The Investment trust sold a number of non-performing loans in December.
Investment trust P2P Global Investments said the value of the fund lifted in December as it focuses on “producing less volatile returns.”
It said its net asset value (NAV) rose by 0.78 per cent in the final month of the year, amounting to a total 5.2 per cent return in 2018, as the fund sold off a number of poorly performing loans, according to its December newsletter published today.
The UK-listed fund, which invests in credit assets raised from non-bank and other specialist lending, said it received cash from two sales of two non-performing loans “at a premium to carrying value”.
It added it sold a US mainstream consumer loan portfolio in the period, and began a new loan origination relationship with a real estate fintech platform in America.
The fund said it had completed its annual IFRS 9 economic provisioning review, which now “reflects greater global economic uncertainty offset by improved performance in the underlying portfolio”. However, it has been forced into a “small increase” of its portfolio provisions.

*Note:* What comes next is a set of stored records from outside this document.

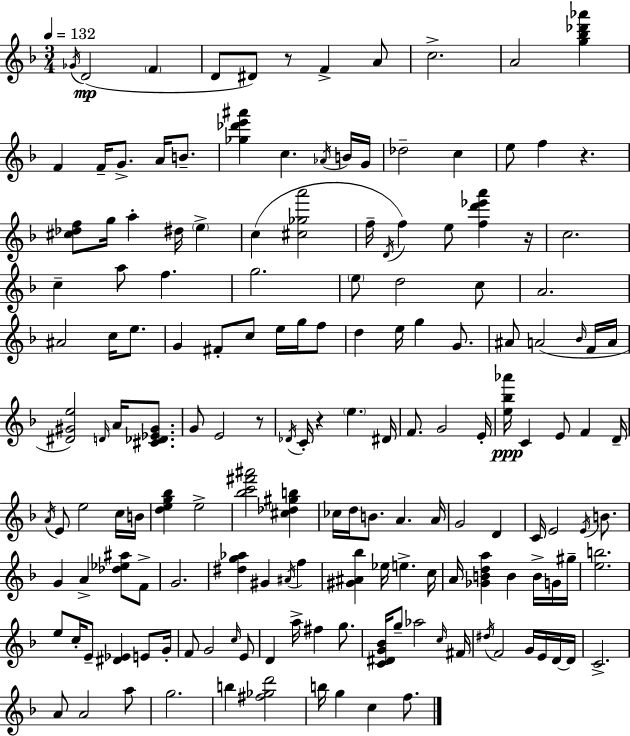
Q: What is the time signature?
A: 3/4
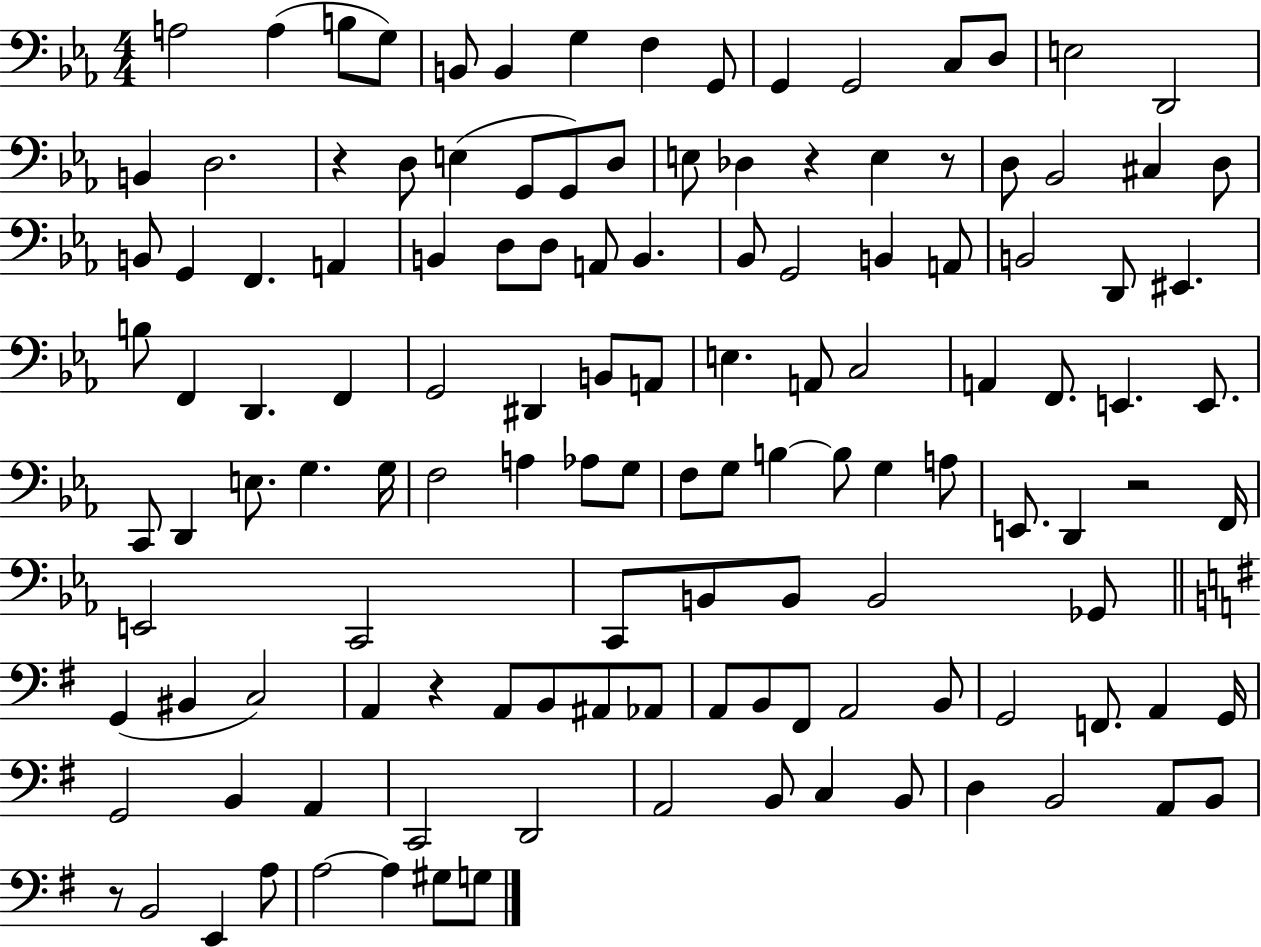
A3/h A3/q B3/e G3/e B2/e B2/q G3/q F3/q G2/e G2/q G2/h C3/e D3/e E3/h D2/h B2/q D3/h. R/q D3/e E3/q G2/e G2/e D3/e E3/e Db3/q R/q E3/q R/e D3/e Bb2/h C#3/q D3/e B2/e G2/q F2/q. A2/q B2/q D3/e D3/e A2/e B2/q. Bb2/e G2/h B2/q A2/e B2/h D2/e EIS2/q. B3/e F2/q D2/q. F2/q G2/h D#2/q B2/e A2/e E3/q. A2/e C3/h A2/q F2/e. E2/q. E2/e. C2/e D2/q E3/e. G3/q. G3/s F3/h A3/q Ab3/e G3/e F3/e G3/e B3/q B3/e G3/q A3/e E2/e. D2/q R/h F2/s E2/h C2/h C2/e B2/e B2/e B2/h Gb2/e G2/q BIS2/q C3/h A2/q R/q A2/e B2/e A#2/e Ab2/e A2/e B2/e F#2/e A2/h B2/e G2/h F2/e. A2/q G2/s G2/h B2/q A2/q C2/h D2/h A2/h B2/e C3/q B2/e D3/q B2/h A2/e B2/e R/e B2/h E2/q A3/e A3/h A3/q G#3/e G3/e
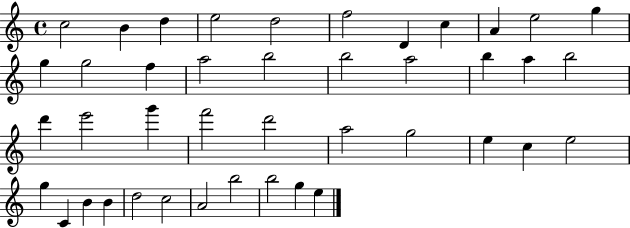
{
  \clef treble
  \time 4/4
  \defaultTimeSignature
  \key c \major
  c''2 b'4 d''4 | e''2 d''2 | f''2 d'4 c''4 | a'4 e''2 g''4 | \break g''4 g''2 f''4 | a''2 b''2 | b''2 a''2 | b''4 a''4 b''2 | \break d'''4 e'''2 g'''4 | f'''2 d'''2 | a''2 g''2 | e''4 c''4 e''2 | \break g''4 c'4 b'4 b'4 | d''2 c''2 | a'2 b''2 | b''2 g''4 e''4 | \break \bar "|."
}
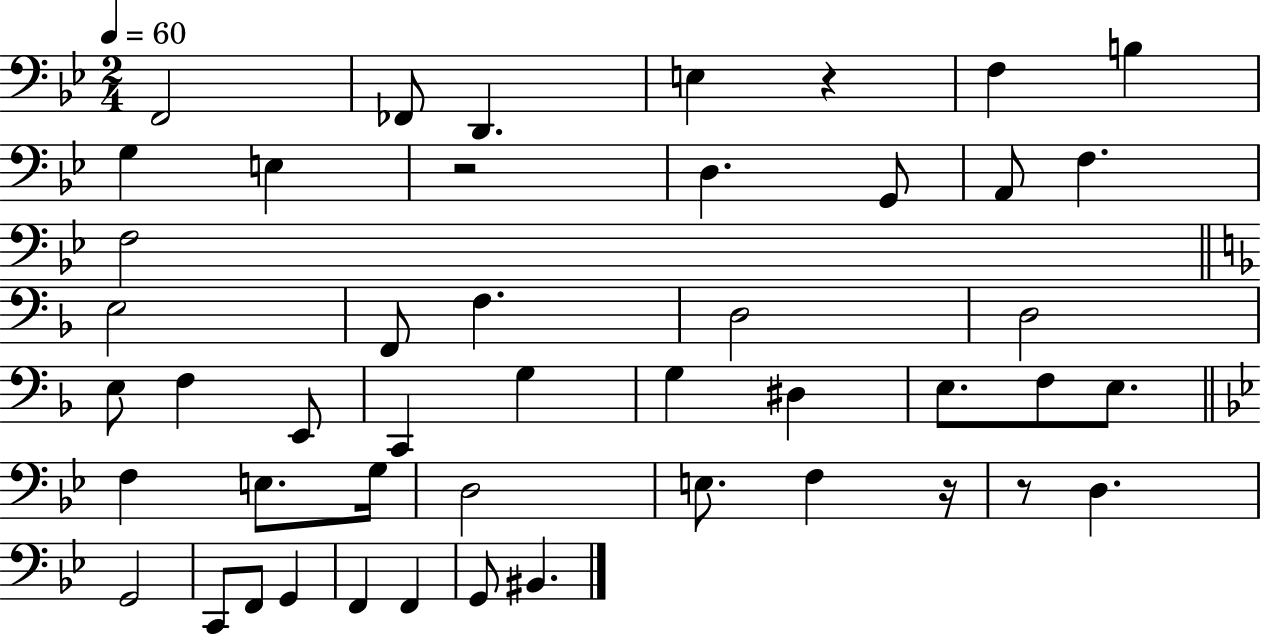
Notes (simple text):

F2/h FES2/e D2/q. E3/q R/q F3/q B3/q G3/q E3/q R/h D3/q. G2/e A2/e F3/q. F3/h E3/h F2/e F3/q. D3/h D3/h E3/e F3/q E2/e C2/q G3/q G3/q D#3/q E3/e. F3/e E3/e. F3/q E3/e. G3/s D3/h E3/e. F3/q R/s R/e D3/q. G2/h C2/e F2/e G2/q F2/q F2/q G2/e BIS2/q.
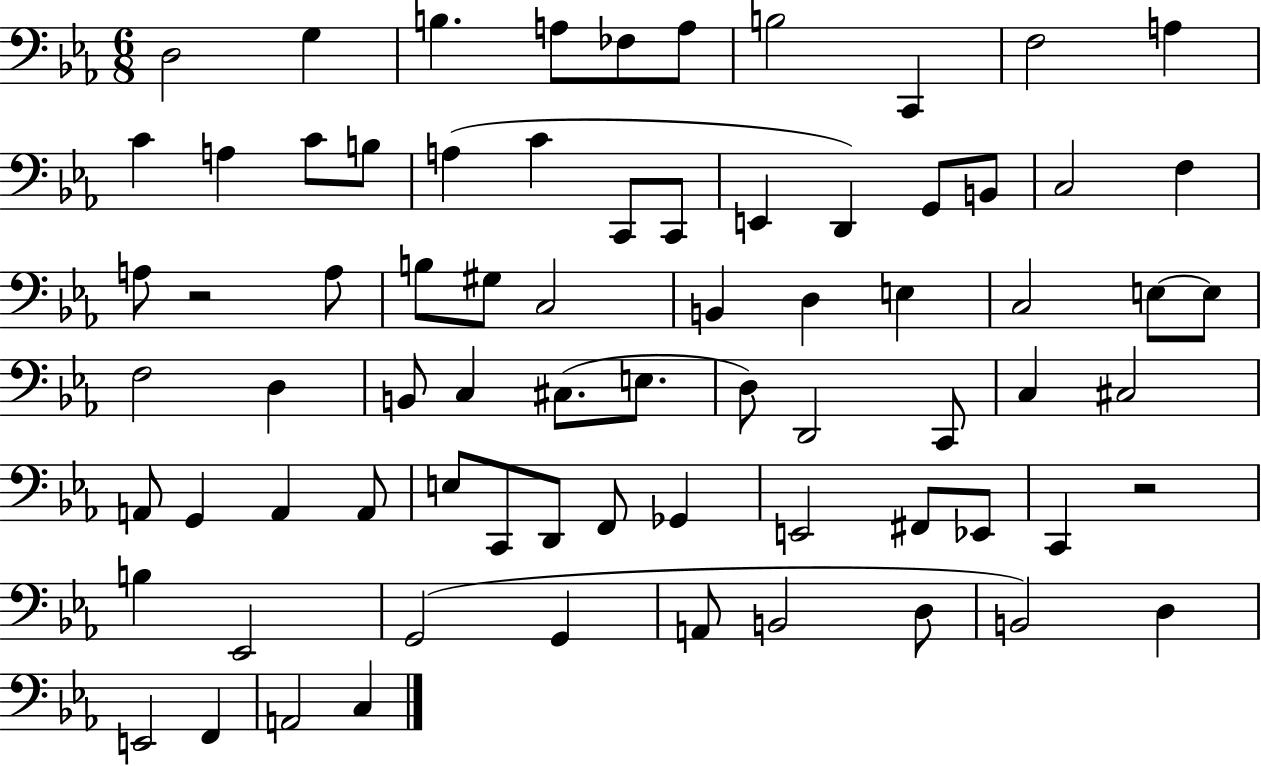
{
  \clef bass
  \numericTimeSignature
  \time 6/8
  \key ees \major
  d2 g4 | b4. a8 fes8 a8 | b2 c,4 | f2 a4 | \break c'4 a4 c'8 b8 | a4( c'4 c,8 c,8 | e,4 d,4) g,8 b,8 | c2 f4 | \break a8 r2 a8 | b8 gis8 c2 | b,4 d4 e4 | c2 e8~~ e8 | \break f2 d4 | b,8 c4 cis8.( e8. | d8) d,2 c,8 | c4 cis2 | \break a,8 g,4 a,4 a,8 | e8 c,8 d,8 f,8 ges,4 | e,2 fis,8 ees,8 | c,4 r2 | \break b4 ees,2 | g,2( g,4 | a,8 b,2 d8 | b,2) d4 | \break e,2 f,4 | a,2 c4 | \bar "|."
}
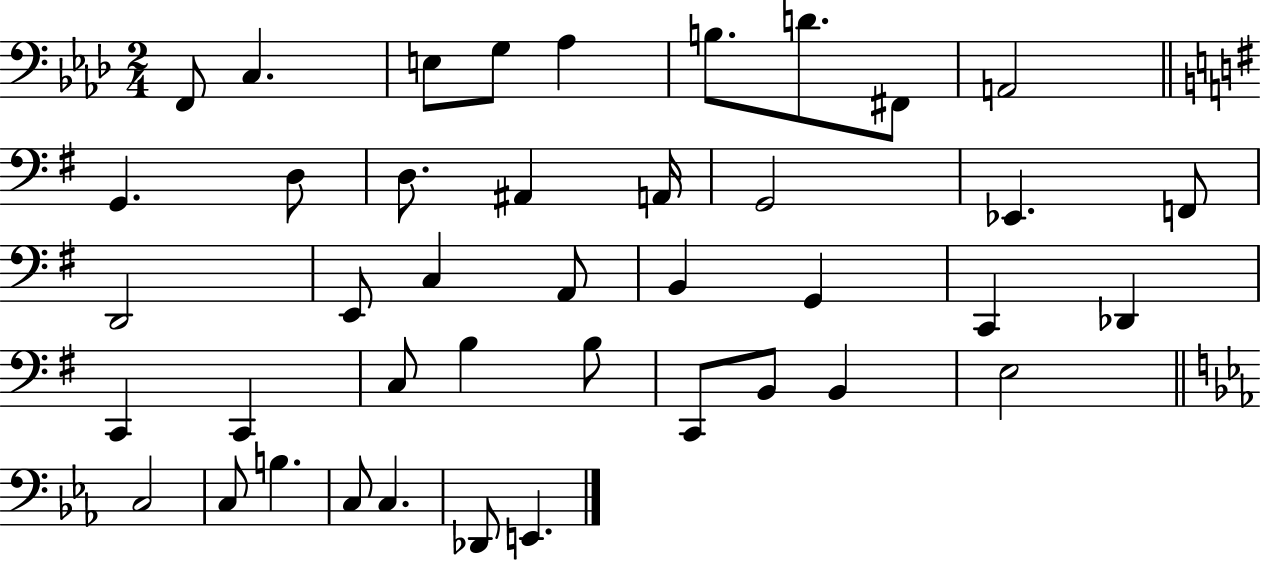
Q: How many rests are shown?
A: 0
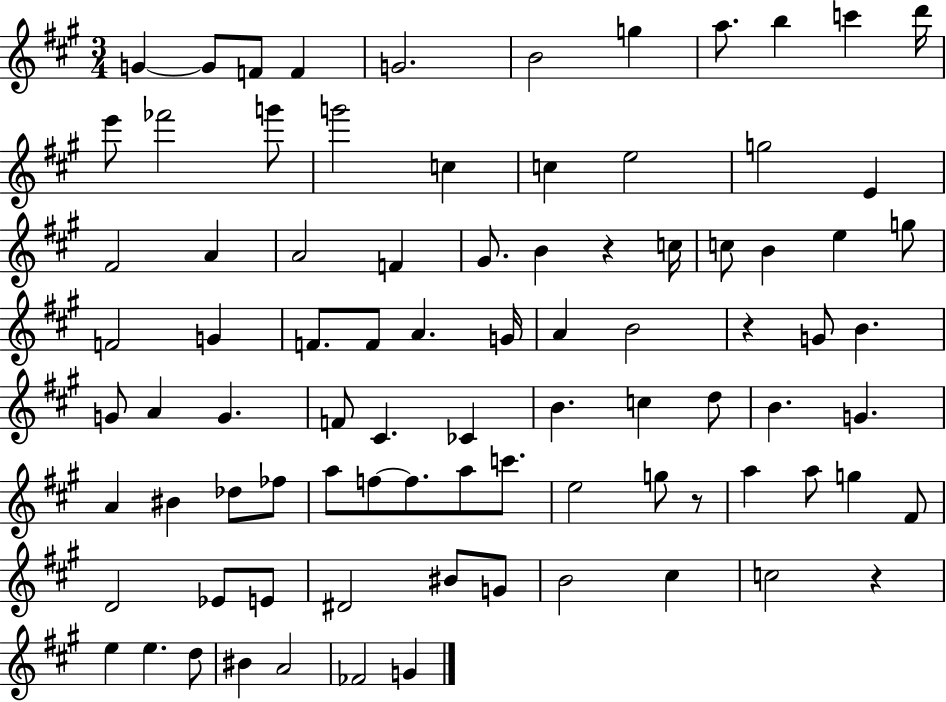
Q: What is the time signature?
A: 3/4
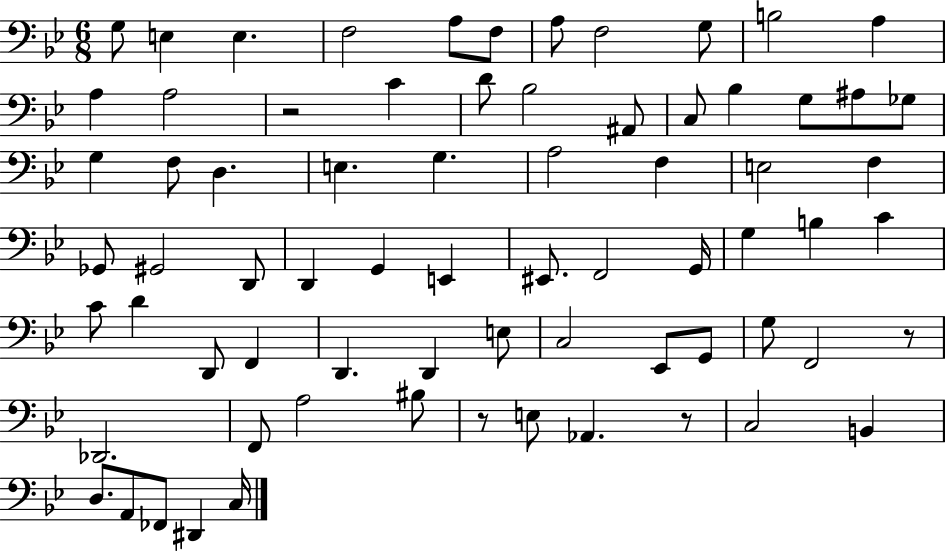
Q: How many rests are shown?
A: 4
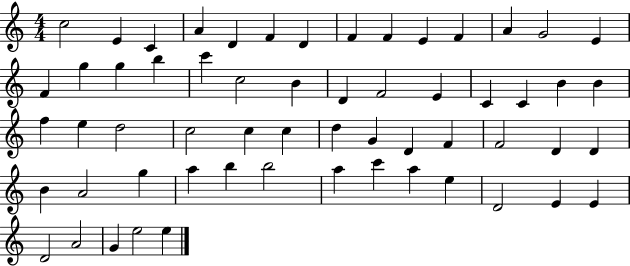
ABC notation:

X:1
T:Untitled
M:4/4
L:1/4
K:C
c2 E C A D F D F F E F A G2 E F g g b c' c2 B D F2 E C C B B f e d2 c2 c c d G D F F2 D D B A2 g a b b2 a c' a e D2 E E D2 A2 G e2 e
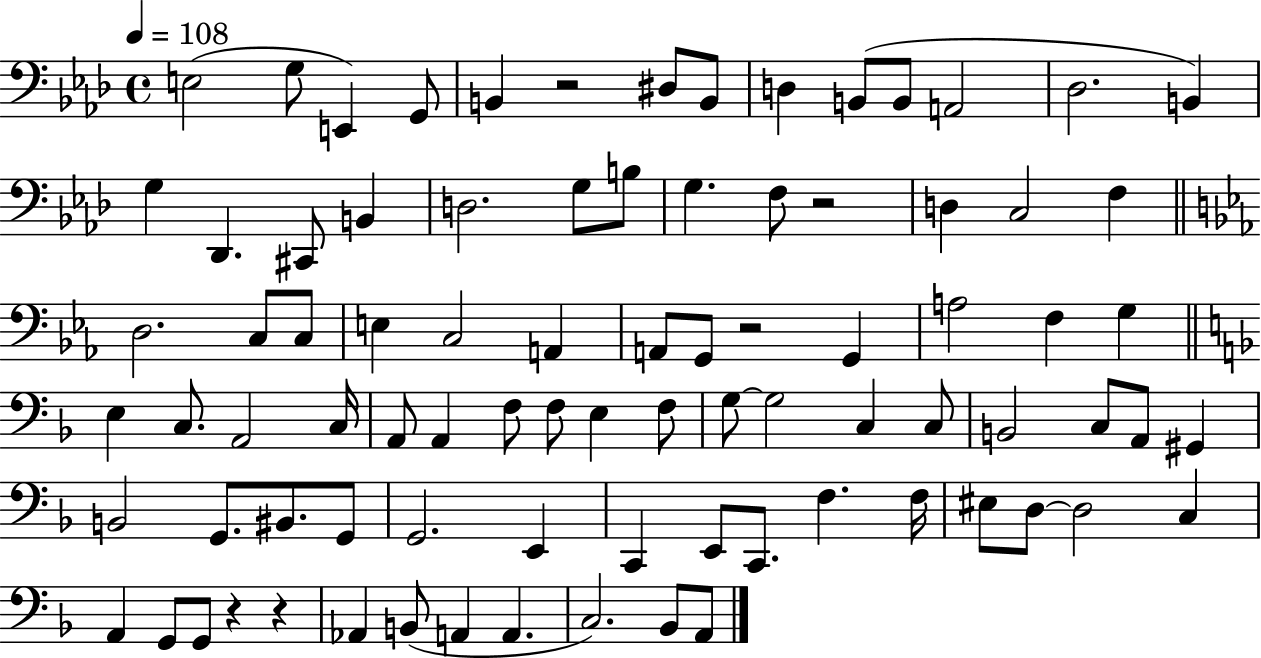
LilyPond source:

{
  \clef bass
  \time 4/4
  \defaultTimeSignature
  \key aes \major
  \tempo 4 = 108
  e2( g8 e,4) g,8 | b,4 r2 dis8 b,8 | d4 b,8( b,8 a,2 | des2. b,4) | \break g4 des,4. cis,8 b,4 | d2. g8 b8 | g4. f8 r2 | d4 c2 f4 | \break \bar "||" \break \key ees \major d2. c8 c8 | e4 c2 a,4 | a,8 g,8 r2 g,4 | a2 f4 g4 | \break \bar "||" \break \key d \minor e4 c8. a,2 c16 | a,8 a,4 f8 f8 e4 f8 | g8~~ g2 c4 c8 | b,2 c8 a,8 gis,4 | \break b,2 g,8. bis,8. g,8 | g,2. e,4 | c,4 e,8 c,8. f4. f16 | eis8 d8~~ d2 c4 | \break a,4 g,8 g,8 r4 r4 | aes,4 b,8( a,4 a,4. | c2.) bes,8 a,8 | \bar "|."
}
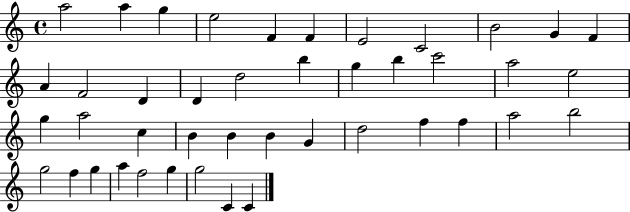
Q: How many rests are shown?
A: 0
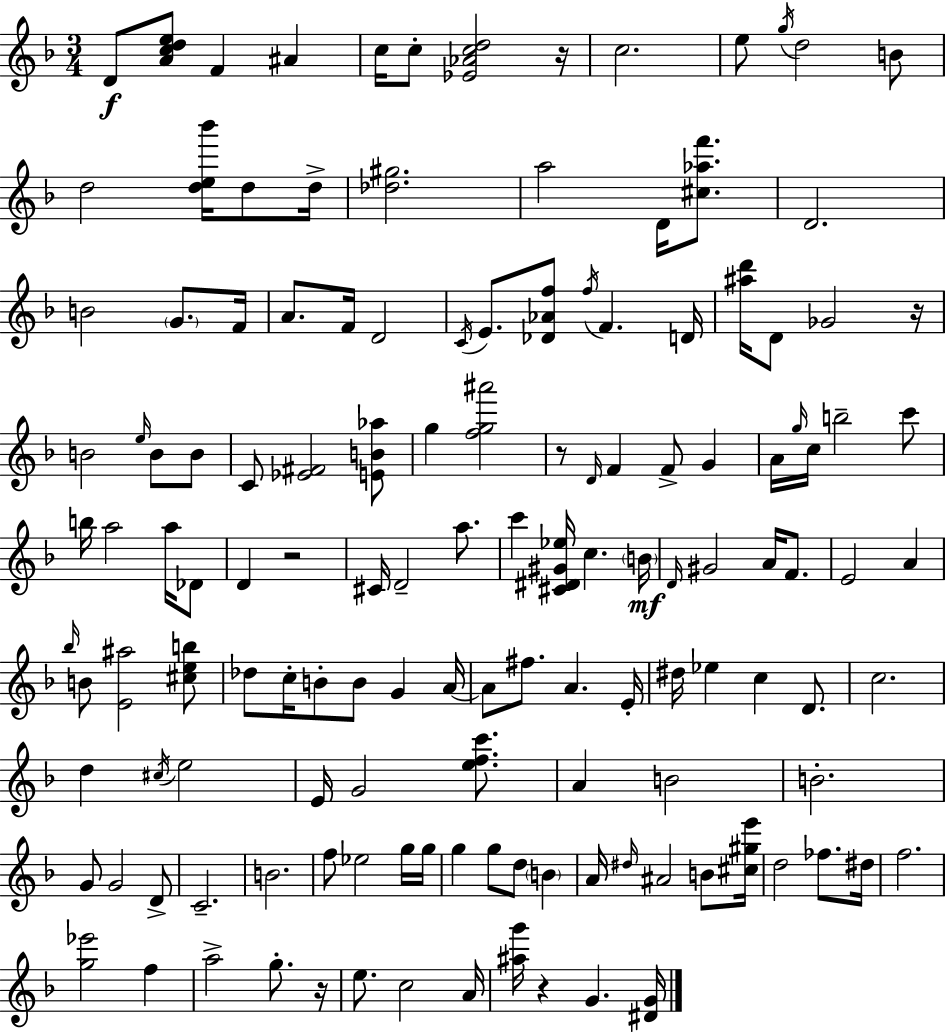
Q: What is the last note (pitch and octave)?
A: G4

The fund, launched in 2014 initially raising £200m from investors, is attempting to run-off a number of unattractive loans it acquired earlier, and is instead “investing in small ticket lending opportunities with attractive risk and reward characteristics”.
In December, the fund reduced the run-off portfolio to 16 per cent of its overall assets, from 20 per cent a month earlier.
The trust - which buys consumer, small business and real estate loans, mainly in the US, Europe and Australasia - said its net assets, excluding income, stood at £721.7m at the end of the year.
It reported an unchanged dividend of 12p for the final quarter of 2018.
Analysts at Numis said: “The fund has made significant progress in repositioning its portfolio and has seen returns pick-up in recent months, although December’s performance is includes a number of positive one-off impacts.”